Task statement: Only the lines from the line holding "A grid of 4 issues of baseline magazine" through the final line of the entries below are to be returned, exactly as they stand.

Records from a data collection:
※ ※ ※

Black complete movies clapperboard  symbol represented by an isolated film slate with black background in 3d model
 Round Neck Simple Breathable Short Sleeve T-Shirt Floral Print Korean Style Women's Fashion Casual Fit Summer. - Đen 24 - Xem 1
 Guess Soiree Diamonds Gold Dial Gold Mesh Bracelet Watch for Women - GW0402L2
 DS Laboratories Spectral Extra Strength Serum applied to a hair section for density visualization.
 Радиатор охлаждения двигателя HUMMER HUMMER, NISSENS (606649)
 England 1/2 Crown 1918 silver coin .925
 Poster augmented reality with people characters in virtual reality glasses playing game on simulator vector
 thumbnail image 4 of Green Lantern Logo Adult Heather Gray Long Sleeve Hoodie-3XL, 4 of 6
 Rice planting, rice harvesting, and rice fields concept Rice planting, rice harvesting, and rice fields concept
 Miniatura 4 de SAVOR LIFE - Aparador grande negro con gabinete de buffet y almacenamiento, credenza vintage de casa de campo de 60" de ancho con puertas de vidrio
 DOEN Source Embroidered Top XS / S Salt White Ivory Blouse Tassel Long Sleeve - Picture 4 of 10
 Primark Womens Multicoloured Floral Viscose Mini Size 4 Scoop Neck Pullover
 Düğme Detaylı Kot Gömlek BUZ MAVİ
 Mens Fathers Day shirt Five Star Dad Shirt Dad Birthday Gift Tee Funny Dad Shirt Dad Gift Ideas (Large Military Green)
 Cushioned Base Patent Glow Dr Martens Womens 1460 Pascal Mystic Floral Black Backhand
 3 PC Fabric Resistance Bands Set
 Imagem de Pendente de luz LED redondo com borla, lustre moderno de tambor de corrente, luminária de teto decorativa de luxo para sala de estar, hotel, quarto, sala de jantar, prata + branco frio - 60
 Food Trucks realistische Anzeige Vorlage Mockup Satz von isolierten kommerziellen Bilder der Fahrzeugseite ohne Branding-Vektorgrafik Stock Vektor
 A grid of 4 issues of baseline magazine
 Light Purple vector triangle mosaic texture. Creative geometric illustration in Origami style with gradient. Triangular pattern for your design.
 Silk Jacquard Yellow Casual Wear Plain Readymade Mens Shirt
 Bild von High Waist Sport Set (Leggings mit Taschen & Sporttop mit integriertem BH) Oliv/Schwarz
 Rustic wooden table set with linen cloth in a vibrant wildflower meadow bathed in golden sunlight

※ ※ ※

Task output:
 A grid of 4 issues of baseline magazine
 Light Purple vector triangle mosaic texture. Creative geometric illustration in Origami style with gradient. Triangular pattern for your design.
 Silk Jacquard Yellow Casual Wear Plain Readymade Mens Shirt
 Bild von High Waist Sport Set (Leggings mit Taschen & Sporttop mit integriertem BH) Oliv/Schwarz
 Rustic wooden table set with linen cloth in a vibrant wildflower meadow bathed in golden sunlight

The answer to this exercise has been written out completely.